Al lavoro per trovare una soluzione ai 42 lavoratori in servizio presso gli uffici giudiziari

Salerno.  

"Non risponde al vero l’affermazione secondo cui il Comune di Salerno non rinnova la convenzione per l’affidamento in house dei servizi di igiene ambientale a Salerno Pulita. Il contratto di servizio tra il Comune e Salerno pulita scadrà il prossimo 31 dicembre e già da alcune settimane è in corso una fitta interlocuzione tra l’ente e la società per la ridefinizione delle voci di spesa per i singoli servizi, che avrà il suo sbocco in Consiglio comunale con il rinnovo dell’affidamento". In una nota, l'amministratore unico di Salerno Pulita Nicola Sardone replica alle accuse mosse dai sindacati nella giornata di ieri.

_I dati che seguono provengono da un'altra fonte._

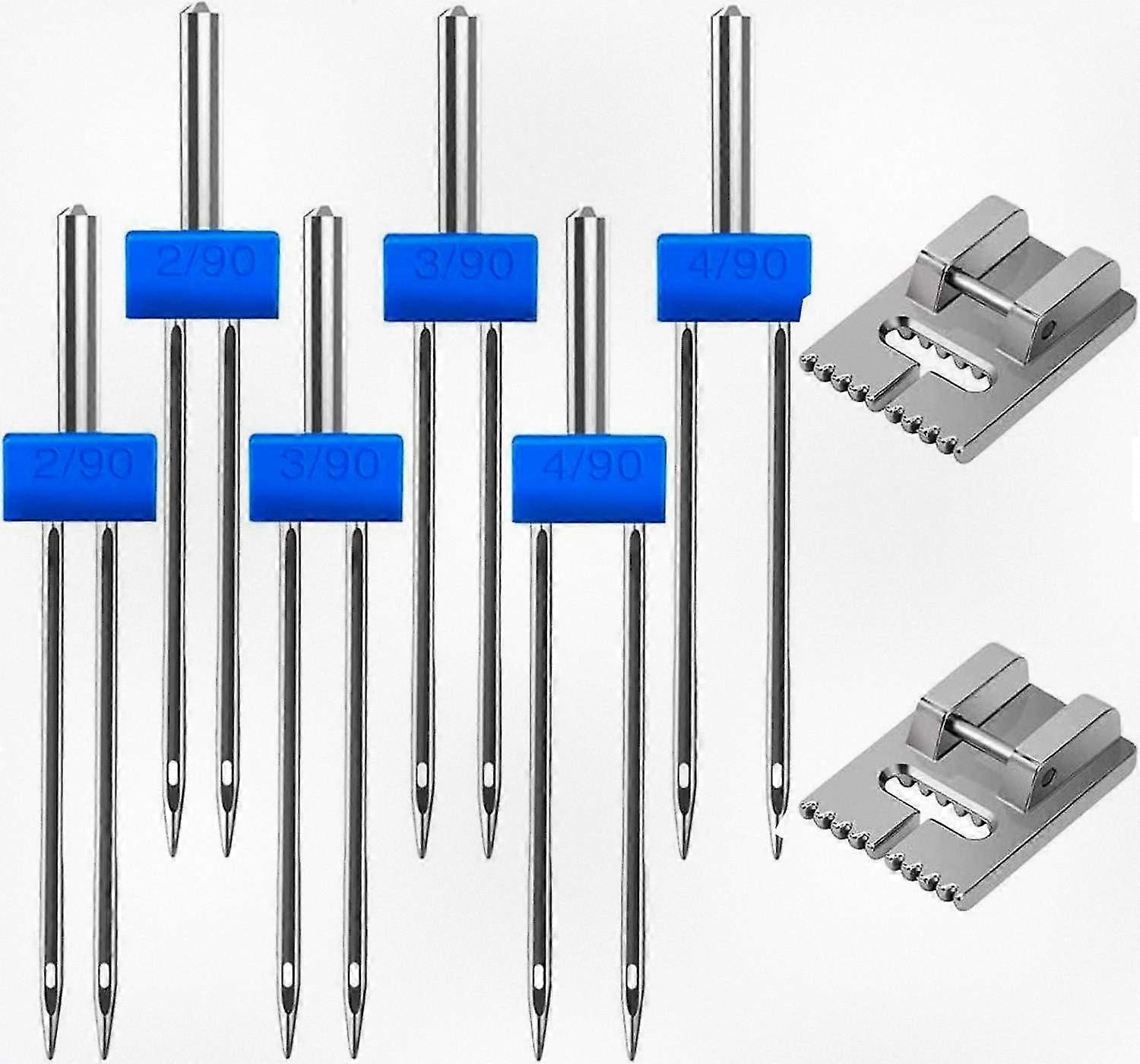 Set of 6 Twin Needles with 2 Pintuck Presser Feet - Includes 3 Sizes: 2/90, 3/90, 4/90 for Versatile Sewing Projects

La guida della società pubblica ci tiene a precisare che "altra cosa è, invece, la vicenda dei 42 lavoratori che svolgono i servizi di pulizia e guardiania presso gli uffici giudiziari presenti in città. E’ noto, infatti, che tale incombenza prima era a carico dei Comuni che ospitano sul proprio territorio le strutture giudiziarie, e nel caso di Salerno il servizio era dato in affidamento a Salerno Pulita. Ora, non è più così - ricorda Sardone - : è direttamente il Ministero di Grazia e Giustizia ad occuparsene con l’indizione di gare d’appalto".

Insomma, non si possono addebitare responsabilità a Salerno Pulita, la tesi sostenuta da Sardone: "Dunque il problema del posto di lavoro riguarda esclusivamente questi lavoratori e non gli altri 465 dipendenti della società. In ogni caso - conclude l'amministratore unico - è già in corso un confronto tra la società e l’amministrazione comunale per trovare, prima che il servizio di pulizia degli uffici giudiziari cessi, le possibili soluzioni alternative per garantire il posto di lavoro ai dipendenti interessati".